Homework Help: Solving DE by undetermined Coefficients

1. Mar 4, 2014

helpppmeee

1. The problem statement, all variables and given/known data
y'' + y = xsinx where y(0) = 0 and y'(0) = 1

2. Relevant equations

yc = C1sinx + C2cosx

3. The attempt at a solution
So my attempt includes the yc which undoubtedly is correct. I now try to solve yp

yp = Axsinx + Bxcosx
y''p = A(2cosx - xsinx) + B(-2sinx - xcosx)

Substituting: y''p + yp = xsinx, clearly doesn't equal xsinx. There are no comparable values to xsinx to even try and solve for A or B.

Attempting using a different algorithm: yp = (A + Ax)sinx + (B + Bx)cosx
Notice overlap from yp to yc, therefore multiply by x: yp = (Ax +Ax^2)sinx + (Bx + Bx^2)cosx
y''p = A(2cosx + 2sinx -xsinx +4xcosx -x^2sinx) + B(-2sinx + 2cosx - 4xsinx - x^2cosx)

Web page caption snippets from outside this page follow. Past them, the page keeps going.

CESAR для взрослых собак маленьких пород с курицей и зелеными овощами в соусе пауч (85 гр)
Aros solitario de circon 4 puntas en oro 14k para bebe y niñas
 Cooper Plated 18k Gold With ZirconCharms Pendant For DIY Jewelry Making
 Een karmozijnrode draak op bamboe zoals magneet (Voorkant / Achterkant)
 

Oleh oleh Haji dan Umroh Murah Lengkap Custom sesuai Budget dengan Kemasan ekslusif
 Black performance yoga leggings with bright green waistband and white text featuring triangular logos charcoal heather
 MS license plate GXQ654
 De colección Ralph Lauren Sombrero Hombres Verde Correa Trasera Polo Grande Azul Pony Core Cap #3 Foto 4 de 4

and y''p + yp = A(2cosx + 2sinx + 4xcosx + xsinx) + B(-2sinx + 2cosx - 4xsinx + xcosx)

Arrgggh this is really troubling me. I honestly have no idea what I'm doing wrong or how to proceed with the Initial Value Problem afterwards.
1. The problem statement, all variables and given/known data

2. Relevant equations

3. The attempt at a solution

2. Mar 4, 2014

SammyS

Staff Emeritus
Try some general linear function times sin(x) & cos(x).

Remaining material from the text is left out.